Tabagismo é a maior ameaça à saúde pública e precisa ser mais combatido

Apesar de seus efeitos nocivos bem conhecidos, o tabagismo continua transmissível atualmente por meio da propaganda e da publicidade. O vício afeta 1,3 bilhão de pessoas no mundo e está relacionado a 55 doenças.
“Nada é mais letal do que o tabagismo que chega a matar metade de seus usuários”, afirmou nesta sexta-feira (12), o médico Ricardo Henrique Sampaio Meirelles, coordenador da Comissão de Combate ao Tabagismo da Associação Médica Brasileira (AMB), no segundo dia de trabalhos do 4º Congresso de Medicina Geral da Associação Médica Brasileira (AMB), realizado no Distrito Anhembi, em São Paulo.
“O cigarro tem 7 mil substâncias tóxicas e não existe nenhum órgão no corpo que não seja afetado pelo tabagismo. Mas é uma doença que tem tratamento”, afirmou Meirelles.
O especialista também alerta que o problema vai além do fumante ativo, apontando o tabagismo passivo como a terceira maior causa de morte evitável no planeta. Ele reforça que nenhum sistema de ventilação é capaz de limpar o ar em ambientes fechados, defendendo a proibição total do fumo nesses locais para proteger a população.
Atualmente, o médico direciona grande parte de suas advertências para a nova epidemia dos cigarros eletrônicos, combatendo a falsa ideia de que os dispositivos são inofensivos.

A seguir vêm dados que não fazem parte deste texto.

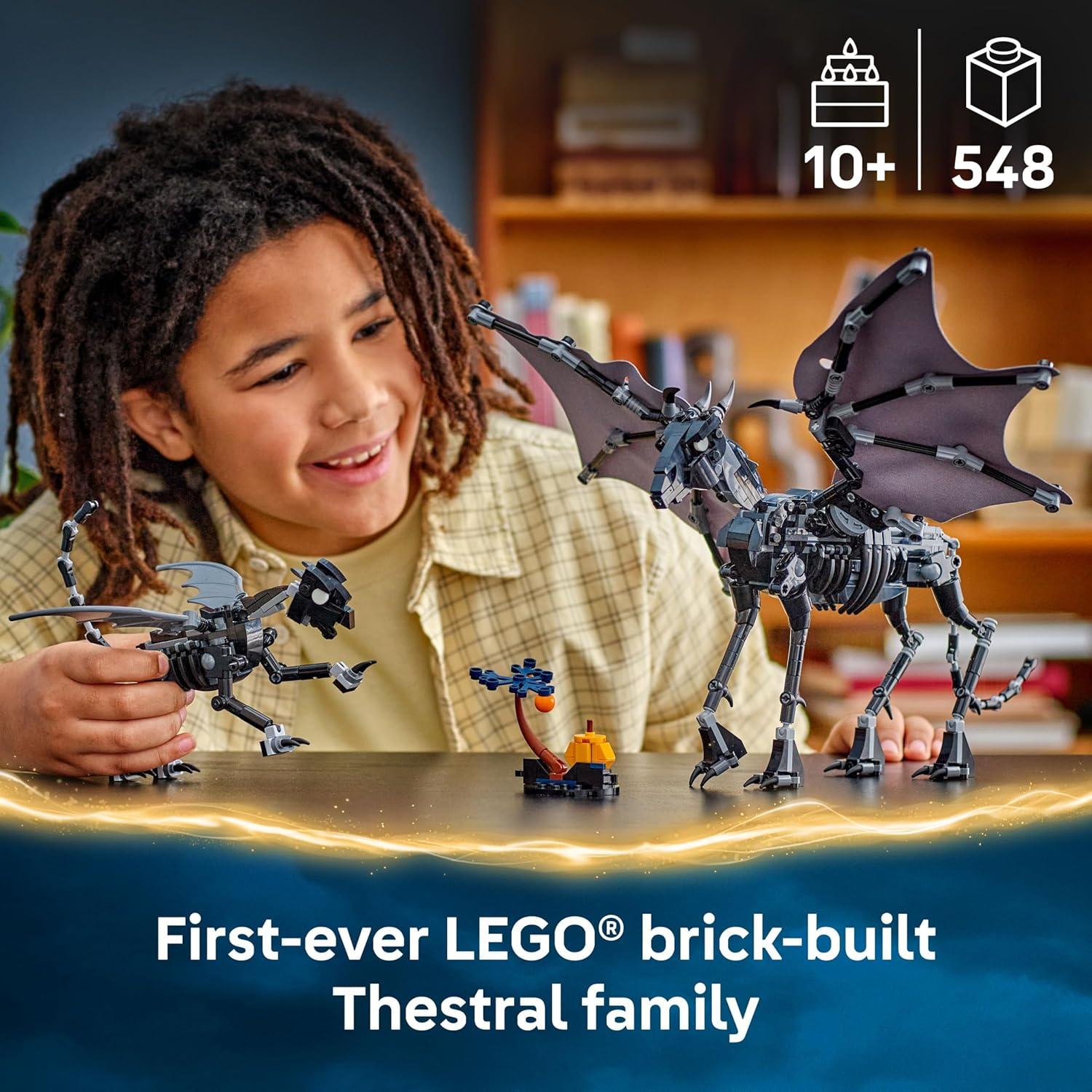 LEGO Harry Potter Thestral Familia 76458 - Juguete 548 Piezas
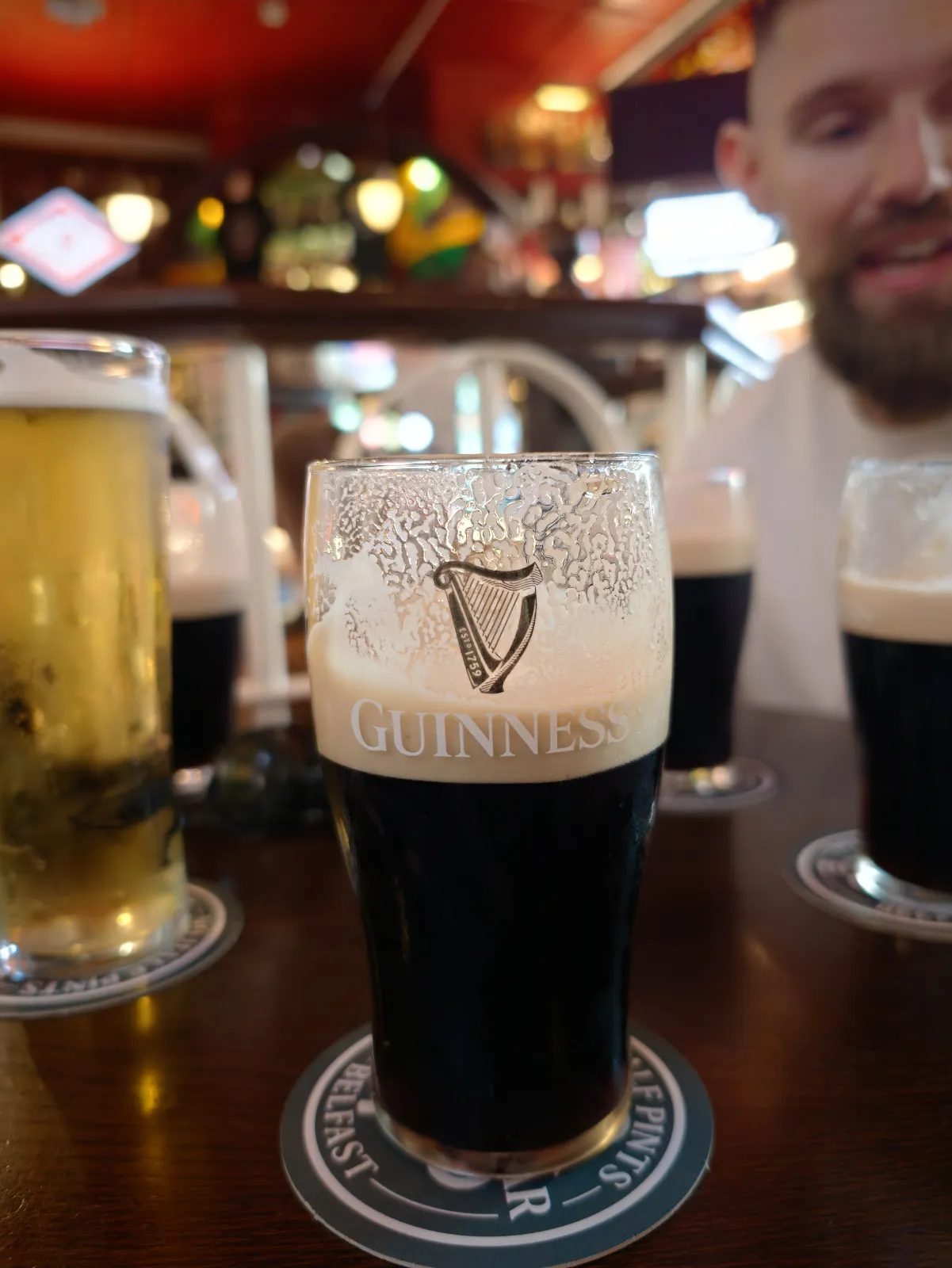 Image of Guinness drink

Ele destaca o crescimento da EVALI, uma lesão pulmonar grave e aguda causada pelas substâncias químicas desses aparelhos, o que representa um desafio urgente para a saúde coletiva.
Diante desse cenário, o especialista sustenta que o combate ao tabagismo exige políticas públicas severas, o cumprimento de tratados internacionais e a proibição de propagandas. Além disso, ele defende que o Sistema Único de Saúde (SUS) forneça amplo acesso ao tratamento adequado, o qual deve obrigatoriamente combinar o apoio psicológico comportamental ao uso de medicamentos específicos para a dependência.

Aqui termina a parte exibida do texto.